A 20 watt tube amp is the perfect size for home and most gigs.

Shawn :smile:


----------



## Andy (Sep 23, 2007)

Do you need pristine cleans? My 15-watt Traynor only stays clean up to rehearsal levels, but when overdriven, it's frighteningly loud.


----------



## kw_guitarguy (Apr 29, 2008)

Hi Andy,

I tend to use a lot of cleans...very little distortion. If I use distortion, it's generally more of a bluesy crunch, as opposed to a metal distortion.

~Andrew


----------



## Andy (Sep 23, 2007)

I'm not sure, then -- I've gotten my Traynor pretty loud by using single coils, backing off the gain and cranking the volume, and pulling back the guitar volume, but there's probably better choices out there with more wattage. The purpose of small amps -- in my mind, at least -- is to crank them up for a nice overdriven sound at a reasonable volume.

Maybe something like a Traynor YCV50Blue would suit you better -- they have a fantastic clean sound for an EL-34 amp, but there's a master volume and OD channel, so you can get some crunch going on, too.


----------



## Rugburn (Jan 14, 2009)

The circuitry of an amp has more to do with it's headroom than wattage or tube type. Take the Fender Twin Reverb as an example. It's 85-135 watts depending on the year and model, and requires a stompbox or modifications to drive it to saturation. Andy has a point though, if you want a clean amp you have to shop with this in mind.
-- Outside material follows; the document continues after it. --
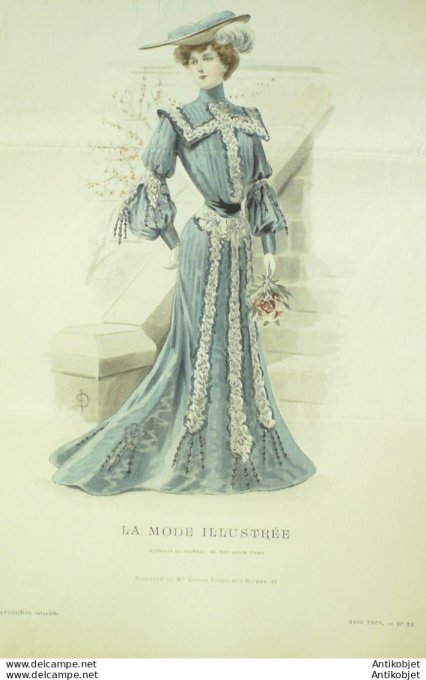 Gravure Mode illustree 1903 # 15 (Old Fashion plate) rare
There are many amps that will provide great cleans at lower wattages.

Shawn


----------



## allthumbs56 (Jul 24, 2006)

Sounds like a job for a Deluxe Reverb (or Reissue). The perfect power-to-weight ratio.


----------



## greco (Jul 15, 2007)

allthumbs56 said:


> Sounds like a job for a Deluxe Reverb (or Reissue). The perfect power-to-weight ratio.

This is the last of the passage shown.